Meh. So far, B and P are only in the bottom of giant condo developments. U street 2005? Mt Vernon 2008? hardly “transitional” areas at the time. I’ll be impressed when they open in an actual storefront in another quadrant, (H street?) NOT below new residential space. Being a coffee shop in the same building where hundreds of people already live isn’t really an “effect” It’s more of a response to a need for coffee and food for hundreds of new residents.
I hardly feel that B and P is “preserving the character” of the area by existing in brand new high rises. I’m not against them by any means, but I disagree with their bragging about “preserving character” anywhere in DC.
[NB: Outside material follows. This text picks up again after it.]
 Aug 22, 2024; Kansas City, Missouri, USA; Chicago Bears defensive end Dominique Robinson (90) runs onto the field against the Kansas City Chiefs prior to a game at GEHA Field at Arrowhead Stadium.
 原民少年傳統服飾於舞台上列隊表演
Tom, some very good points. Although I definitely feel B&P has more personality, and does more to preserve character, than the Starbucks/Chipotle/generic_franchise that likely would have taken its place.
B & P’s prices are incongruous with the leftist philosophy of its book section. This establishment, a pleasant and usual business (for Washington, at least), is driving gentrification and the displacement of people with whom it supposedly sympathizes.
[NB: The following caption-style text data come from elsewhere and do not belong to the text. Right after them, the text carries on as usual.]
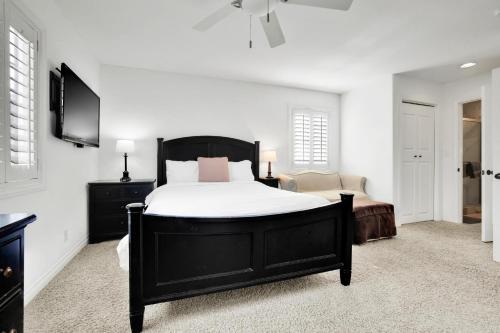 a bedroom with a black bed and a television at Fantastic bayside vacation home - WiFi, central AC, patio, private washer & dryer in San Diego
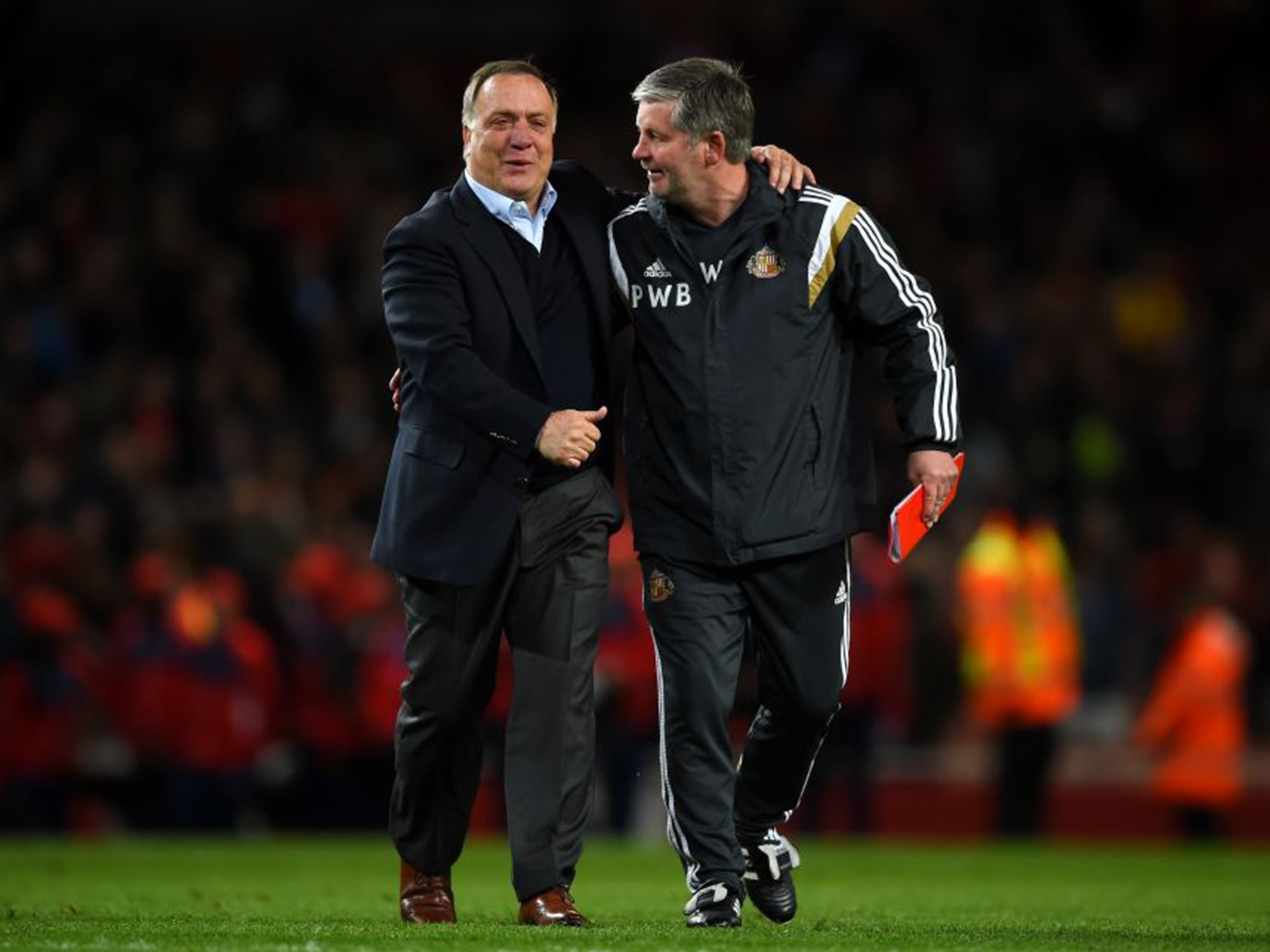 Dick Advocaat, left, celebrates with Sunderland coach Paul Bracewell after securing their Premier League place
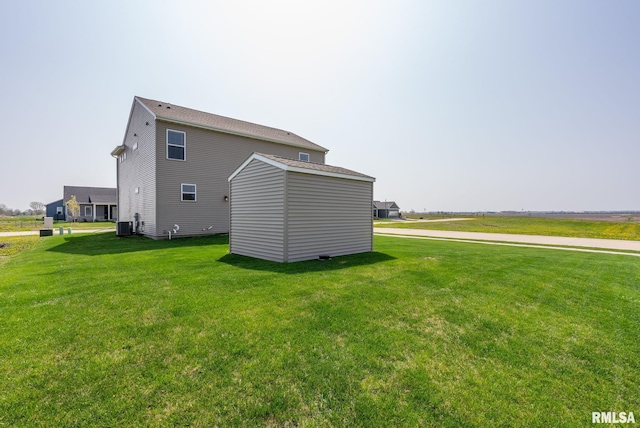 1824 S 5th St, Eldridge, IA 52748 - view of side of property featuring an outdoor structure, a lawn, central air condition unit, and a storage shed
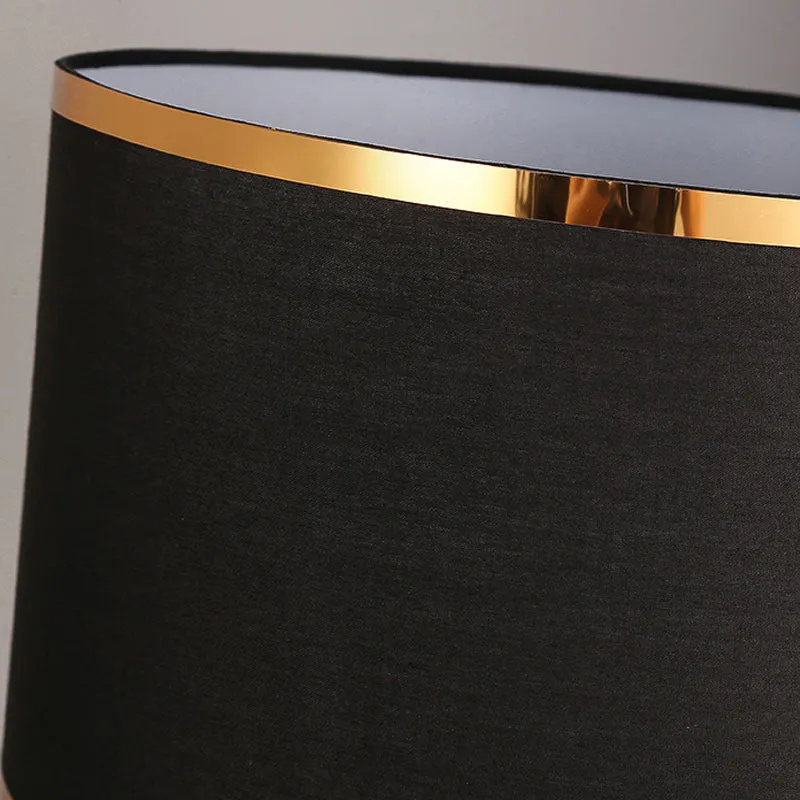Desk lamp with iron base and fabric shade in choice of black, gold or white colours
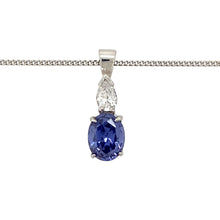 Load image into Gallery viewer, Add a touch of elegance and sparkle to your jewellery collection with this pre-owned 9ct white gold tanzanite &amp; cubic zirconia set pendant necklace, featuring:

Design: A stunning pendant necklace, showcasing a vibrant tanzanite-coloured stone accented with sparkling cubic zirconia for added brilliance.
Material: 9-carat white gold, offering a sleek and modern appeal.
Gemstones: Features a 9mm by 7mm tanzanite-coloured stone, beautifully complemented by cubic zirconia accents.
Size &amp; Weight: The pendant mea
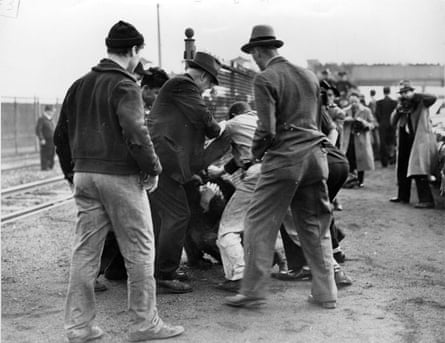 men in hats viewed from behind next to what appears to be a pile of people grappling with each other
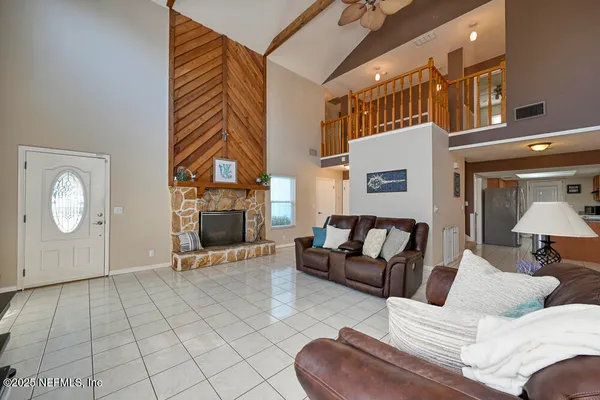 a living room with furniture a fireplace and a flat screen tv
I congratulate the owner for his successful business, but don’t believe a word of his political pretenses.
I agree with Tom A. and Eric in all senses.Also good for the owner and his sucessful business.
I went to B & P’s when they just opened at U St.Nothing original or creative about it.I was highly dissapointed with the book section..JUST ONE SIDE MINDED..,crowd looked already very homogenized and food was average.
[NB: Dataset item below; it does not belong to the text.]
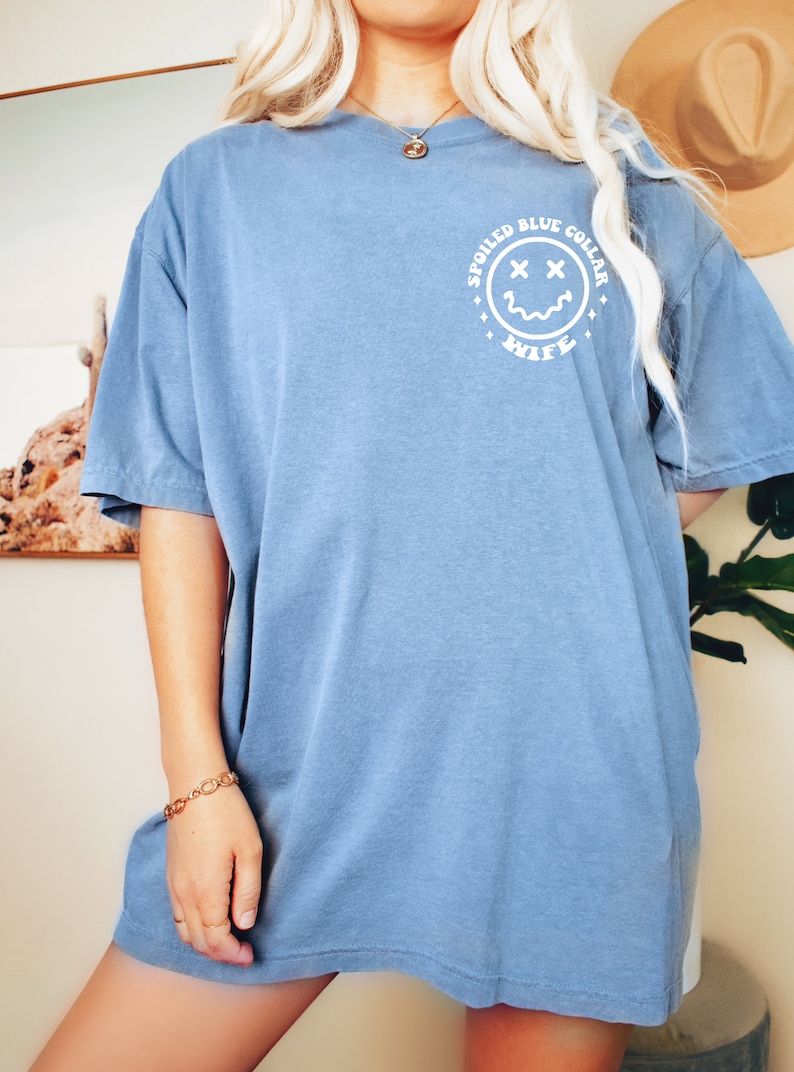 Puede incluir: Una camiseta azul claro con un gr&aacute;fico blanco de una cara sonriente con X para los ojos. El gr&aacute;fico est&aacute; dentro de un c&iacute;rculo con el texto "Spoiled Blue Collar Wife" alrededor.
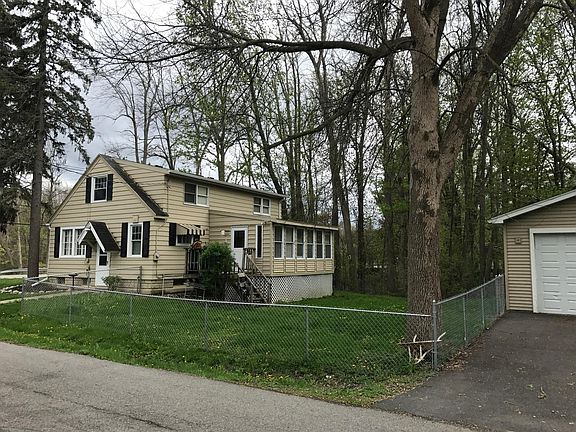 Fenced yard, oversized two car new garage plus off street pa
Unleast Starbucks is what it is, not a bragging “wannabe preserving character ” coffee shop in an already non genuine character neighborhood.
Please, This is DC not NYC..
This is a guy who took real risks with his own money to open, at least, 3 successful indie venues in and around DC. I really applaud him. The U Street location is often too busy, but I eat there when I can. Great book selection.
A nice break from stiff and stuffy regular DC.
I like Busboys and Poets, but these neighborhoods were already gentrifying (or whatever you want to call it) before B&P came in. I’m not sure the owner is really the best source to give the B&P credit for “invigorating neighborhoods that were once down on their luck”.
We could really use a branch of Busboys and Poets in Silver Spring—NOT in the “new” (and much welcomed) “Downtown Silver Spring,” but in the Flower-Avenue-at-Piney-Branch-Road neigborhood. Although this area is a crossroads of economic classes, and very mixed ethnically, our neighborhood movie theatre has been dark for decades, we recently lost our wonderful independent “Piney Branch Hardware” and my wife tells me today that—at least temporarily—a tatoo parlor is using the space. Gentrification in a context of ethnic vitality is alive and well in Silver Spring, and it is very welcome here.